Saturday Night (MC-63) is a
hectically-paced 90-minute run-up to the debut of Saturday Night Live in
1975, a show destined to die a chaotic early death that has somehow endured for
50 years. I approached Jason Reitman’s
film with some skepticism but was won over by its fast-paced recreation of a
seminal moment in TV history. Most of
the central cast is unfamiliar (though Rachel Sennott is becoming better known),
but surprisingly reminiscent of the original characters. The currently familiar faces (e,g, Willem
Dafoe, J.K. Simmons, and Nicholas Braun) are all in hilarious cameos. Maybe you had to “be there” at the creation
to appreciate this fond and funny retelling, but it certainly got a marginal “thumb
up” from me.
With this month of Netflix, I
watched the second season of Top Boy (MC-86) from British TV in
2013. When I return for future months, I’ll
go on to the three subsequent seasons produced by Netflix. For now, all I’ll say is that this UK clone
of The Wire is not humiliated by the comparison, at least as far as the
drug dealing storyline goes. It will be
interesting to see if the remaining seasons broaden their focus, in the way
that The Wire did so memorably.
Netflix was once, back in DVD
days, the be-all and end-all of viewer choice, and then had a brief phase of
throwing money at all kinds of content providers, including genuine auteurs,
but now has settled into an algorithmic content-provider that does not rank
among the top three (or five?) streaming channels for quality. As of now, I’m cancelling until they give me
a solid reason to renew.
Speaking of once-substantial
streaming channels that have really given up on producing or offering
outstanding content, there’s Amazon Prime.
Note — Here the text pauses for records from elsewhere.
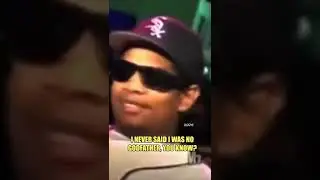Eazy-E On Being The Godfather of Gangsta Rap🔥🤔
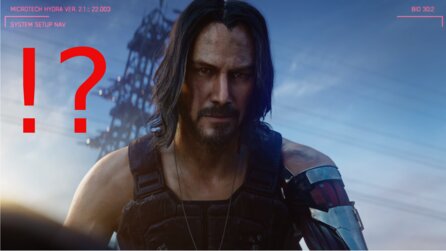 Cyberpunk 2077 - Keanu Reeves ist Johnny Silverhand: Das wissen wir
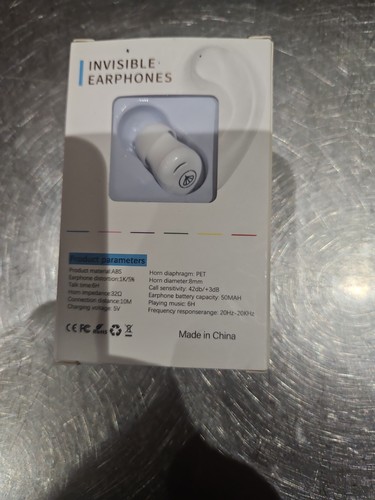Invisible bluetooth - yx-12,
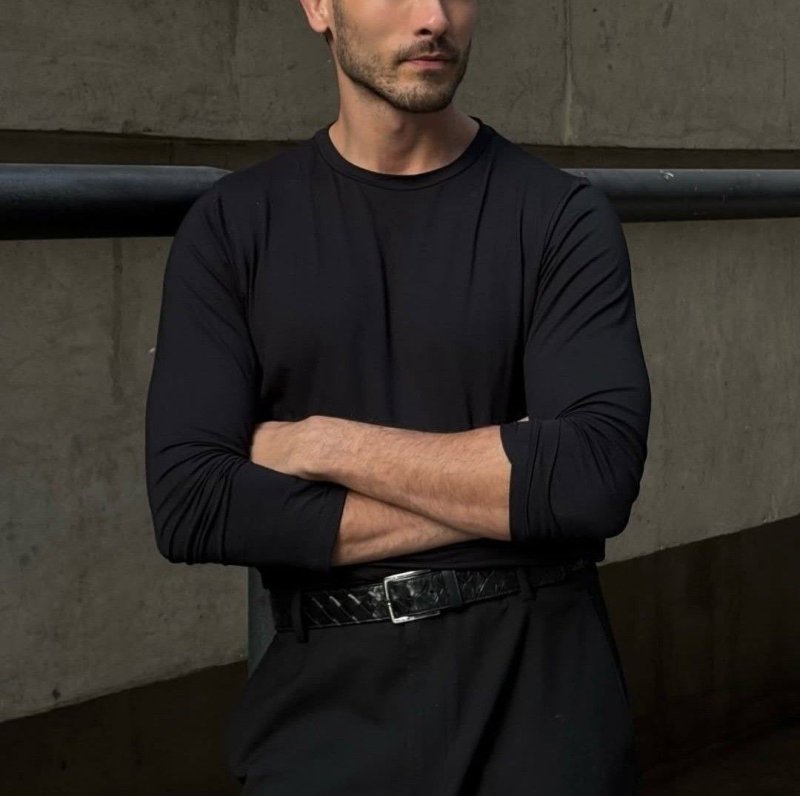 Tech T-shirt Long Sleeve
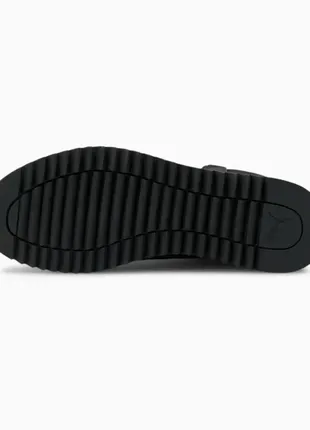 Оригінальні чоловічі черевики puma desierto v2 winter rubber (380754 01)4 фото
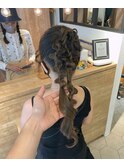 ポニおろし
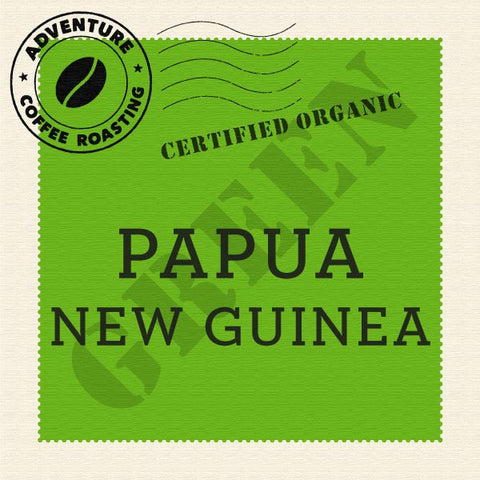 Green Papua New Guinea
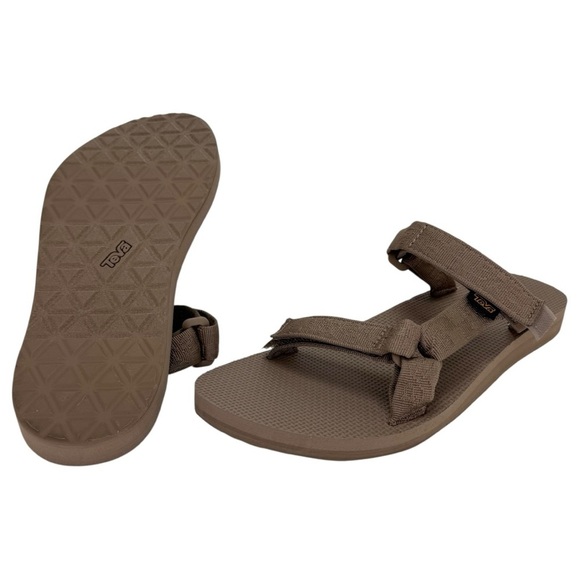 Teva Universal Caribou Strappy Womens Slide Sandals Size 11M - Picture 11 of 12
Hard to find much worth watching there (plus having to endure
commercials), but I was drawn to The Road Dance (MC-54) by its setting in the Outer
Hebrides a century ago, then put off by its low Metacritic rating. But casually browsing one time, I thought to
give it a try, and surprisingly watched the whole film. The location, already familiar from the
writings of Robert Macfarlane, was indeed appealing, as was the unfamiliar lead
actress, Hermione Corfield. Both were
pretty as a picture, and enough to keep me watching all the way through a
rather familiar melodrama of love, sex, childbirth, and war.